WHAT TO DO »
Once the line containing "Travel Dogs Yellow Lab in Boat Ornament" is found in the records below, return it and each following line exactly, up to and including the line containing "Garden Planter Box", and nothing else.

▼

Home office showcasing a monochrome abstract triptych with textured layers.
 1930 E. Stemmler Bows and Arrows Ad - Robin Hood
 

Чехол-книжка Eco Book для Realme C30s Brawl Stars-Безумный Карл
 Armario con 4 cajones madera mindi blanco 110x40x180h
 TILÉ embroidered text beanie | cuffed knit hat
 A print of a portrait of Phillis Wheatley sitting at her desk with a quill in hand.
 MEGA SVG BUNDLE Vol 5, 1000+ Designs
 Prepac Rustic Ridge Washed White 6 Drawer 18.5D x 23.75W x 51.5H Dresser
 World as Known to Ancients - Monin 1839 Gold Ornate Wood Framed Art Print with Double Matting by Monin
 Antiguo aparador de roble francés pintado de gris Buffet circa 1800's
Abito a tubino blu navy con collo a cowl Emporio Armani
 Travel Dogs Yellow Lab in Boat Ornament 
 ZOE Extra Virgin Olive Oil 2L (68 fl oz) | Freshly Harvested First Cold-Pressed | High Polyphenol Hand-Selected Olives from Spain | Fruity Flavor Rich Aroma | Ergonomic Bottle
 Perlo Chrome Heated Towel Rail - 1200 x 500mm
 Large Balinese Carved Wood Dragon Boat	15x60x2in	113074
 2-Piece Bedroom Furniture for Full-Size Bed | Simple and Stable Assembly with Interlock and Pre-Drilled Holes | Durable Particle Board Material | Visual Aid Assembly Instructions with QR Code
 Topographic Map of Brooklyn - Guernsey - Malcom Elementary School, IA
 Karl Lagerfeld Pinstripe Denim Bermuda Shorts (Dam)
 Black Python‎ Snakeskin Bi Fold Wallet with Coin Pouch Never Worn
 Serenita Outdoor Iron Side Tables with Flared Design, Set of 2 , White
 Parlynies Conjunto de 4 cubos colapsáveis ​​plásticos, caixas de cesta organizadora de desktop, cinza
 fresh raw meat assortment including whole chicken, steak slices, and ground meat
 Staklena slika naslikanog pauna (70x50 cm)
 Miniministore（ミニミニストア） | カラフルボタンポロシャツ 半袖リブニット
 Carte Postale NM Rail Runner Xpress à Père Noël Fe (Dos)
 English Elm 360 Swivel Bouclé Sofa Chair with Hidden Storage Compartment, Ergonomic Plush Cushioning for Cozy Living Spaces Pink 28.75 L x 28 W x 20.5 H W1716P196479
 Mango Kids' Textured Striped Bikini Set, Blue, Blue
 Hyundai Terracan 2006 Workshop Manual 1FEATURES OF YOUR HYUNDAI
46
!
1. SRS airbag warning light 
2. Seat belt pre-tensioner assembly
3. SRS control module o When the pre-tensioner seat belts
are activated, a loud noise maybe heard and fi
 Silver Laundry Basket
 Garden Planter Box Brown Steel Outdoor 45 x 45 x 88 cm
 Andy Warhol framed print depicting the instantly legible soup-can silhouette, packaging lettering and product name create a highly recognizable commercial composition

▲

SOLUTION TO THIS TASK »
 Travel Dogs Yellow Lab in Boat Ornament 
 ZOE Extra Virgin Olive Oil 2L (68 fl oz) | Freshly Harvested First Cold-Pressed | High Polyphenol Hand-Selected Olives from Spain | Fruity Flavor Rich Aroma | Ergonomic Bottle
 Perlo Chrome Heated Towel Rail - 1200 x 500mm
 Large Balinese Carved Wood Dragon Boat	15x60x2in	113074
 2-Piece Bedroom Furniture for Full-Size Bed | Simple and Stable Assembly with Interlock and Pre-Drilled Holes | Durable Particle Board Material | Visual Aid Assembly Instructions with QR Code
 Topographic Map of Brooklyn - Guernsey - Malcom Elementary School, IA
 Karl Lagerfeld Pinstripe Denim Bermuda Shorts (Dam)
 Black Python‎ Snakeskin Bi Fold Wallet with Coin Pouch Never Worn
 Serenita Outdoor Iron Side Tables with Flared Design, Set of 2 , White
 Parlynies Conjunto de 4 cubos colapsáveis ​​plásticos, caixas de cesta organizadora de desktop, cinza
 fresh raw meat assortment including whole chicken, steak slices, and ground meat
 Staklena slika naslikanog pauna (70x50 cm)
 Miniministore（ミニミニストア） | カラフルボタンポロシャツ 半袖リブニット
 Carte Postale NM Rail Runner Xpress à Père Noël Fe (Dos)
 English Elm 360 Swivel Bouclé Sofa Chair with Hidden Storage Compartment, Ergonomic Plush Cushioning for Cozy Living Spaces Pink 28.75 L x 28 W x 20.5 H W1716P196479
 Mango Kids' Textured Striped Bikini Set, Blue, Blue
 Hyundai Terracan 2006 Workshop Manual 1FEATURES OF YOUR HYUNDAI
46
!
1. SRS airbag warning light 
2. Seat belt pre-tensioner assembly
3. SRS control module o When the pre-tensioner seat belts
are activated, a loud noise maybe heard and fi
 Silver Laundry Basket
 Garden Planter Box Brown Steel Outdoor 45 x 45 x 88 cm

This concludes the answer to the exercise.